EXERCISE OBJECTIVE => The copy you give must match the records exactly, except that it holds no images.

Web page caption snippets:
_ _ _
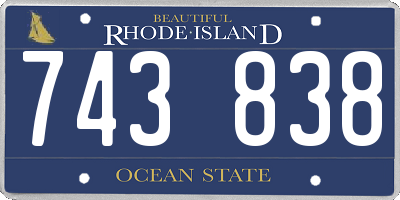 RI license plate 743838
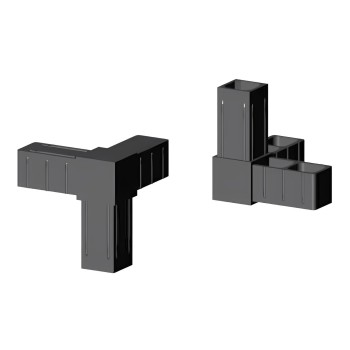 Conector en T de esquina (3 ejes, 3 entradas) – para tubo 25x25x2 mm - negro (Klemp)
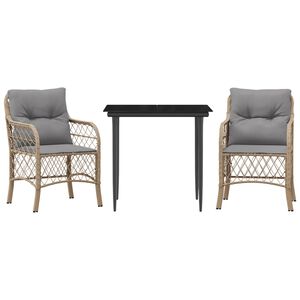 vidaXL Ensemble de bistro 3 pcs coussins m&eacute;lange beige r&eacute;sine tress&eacute;e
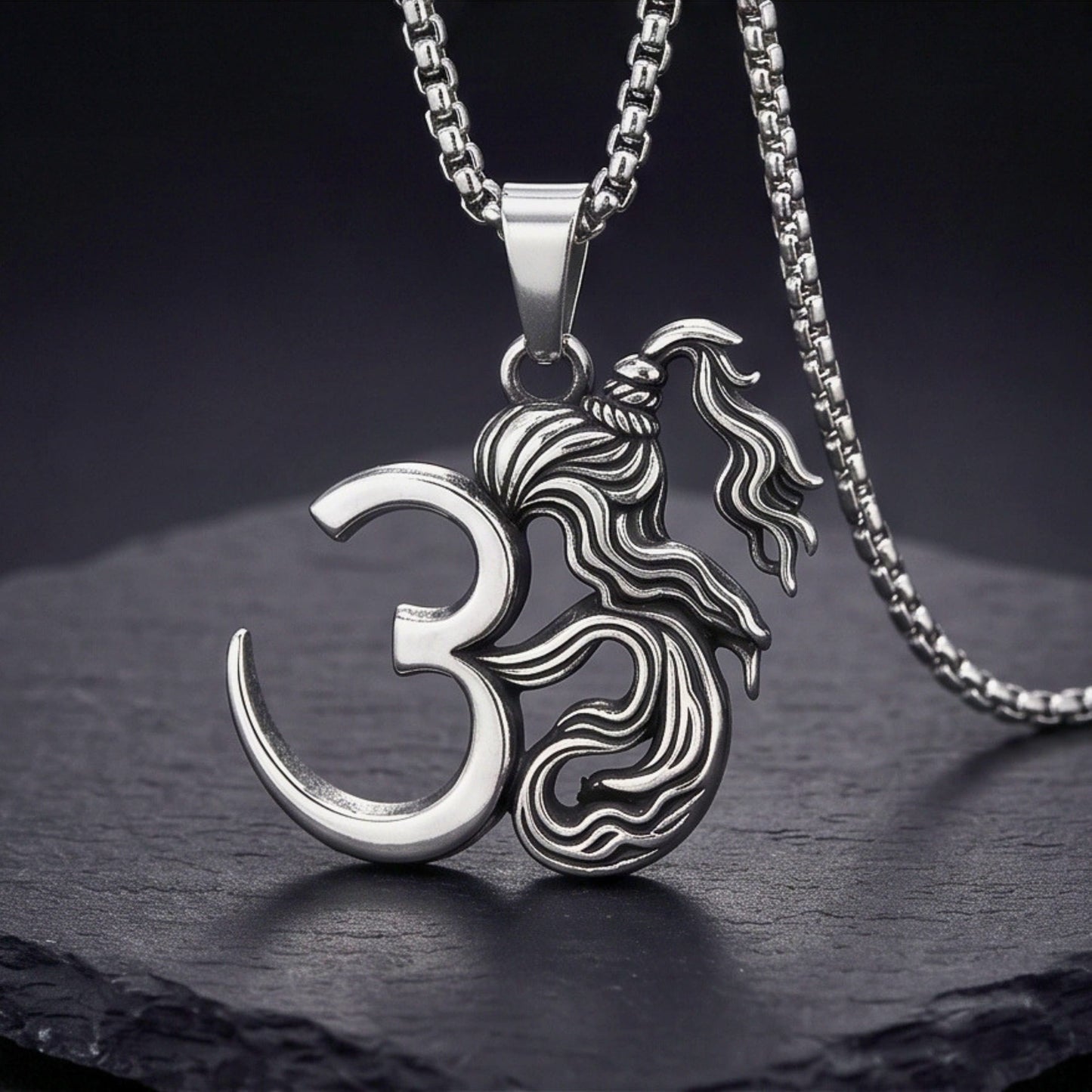 THE MEN THING SS Pendant/ Necklace OM AURA - Pure Vintage Pure Steel Pendant with 24inch Round Box 5mm Chain for Men & Boys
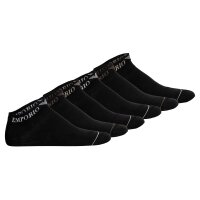 EMPORIO ARMANI mens sneaker socks, 6-pack - EXTENDED LOGO, multipack, logo Black 44-47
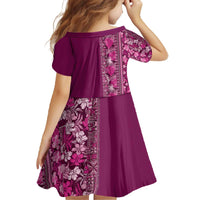 Hawaiian Tribal Elements Hibiscus Family Matching Off The Shoulder Long Sleeve Dress and Hawaiian Shirt Pink Pattern LT9 - Polynesian Pride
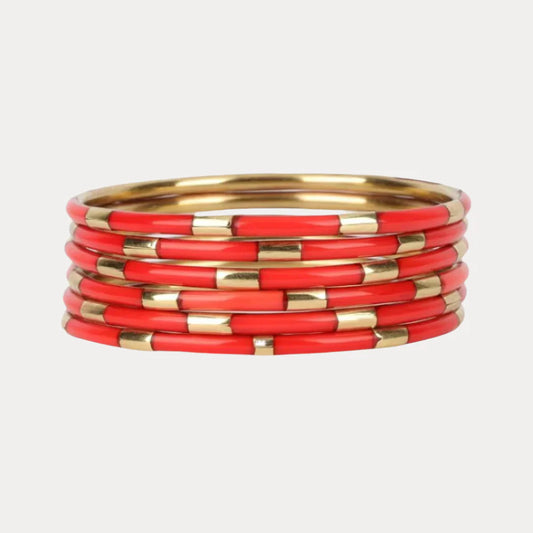 Coral Veda Bangles - Set of 6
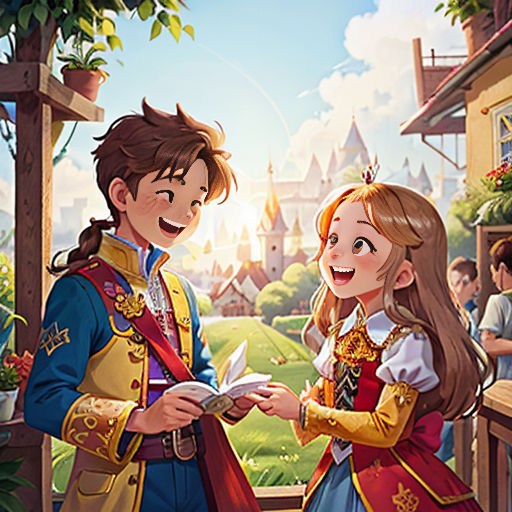 a man and woman are standing in front of a castle with a castle in the background and a man is holding a book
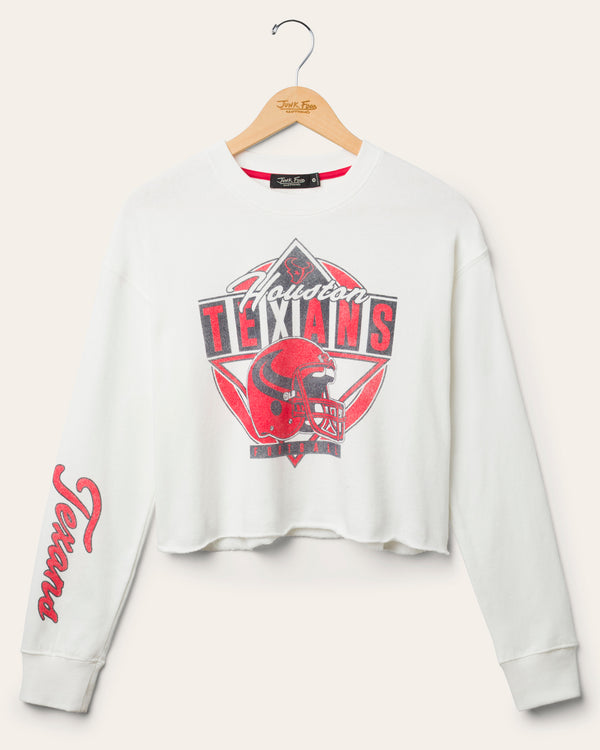 junk food clothing Women's Houston Texans Helmet Crop Fleece Vintage White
_ _ _
ANSWER BELOW =>
 RI license plate 743838
 Conector en T de esquina (3 ejes, 3 entradas) – para tubo 25x25x2 mm - negro (Klemp)
 vidaXL Ensemble de bistro 3 pcs coussins m&eacute;lange beige r&eacute;sine tress&eacute;e
 THE MEN THING SS Pendant/ Necklace OM AURA - Pure Vintage Pure Steel Pendant with 24inch Round Box 5mm Chain for Men & Boys
 EMPORIO ARMANI mens sneaker socks, 6-pack - EXTENDED LOGO, multipack, logo Black 44-47
 Hawaiian Tribal Elements Hibiscus Family Matching Off The Shoulder Long Sleeve Dress and Hawaiian Shirt Pink Pattern LT9 - Polynesian Pride
 Coral Veda Bangles - Set of 6
 a man and woman are standing in front of a castle with a castle in the background and a man is holding a book
 junk food clothing Women's Houston Texans Helmet Crop Fleece Vintage White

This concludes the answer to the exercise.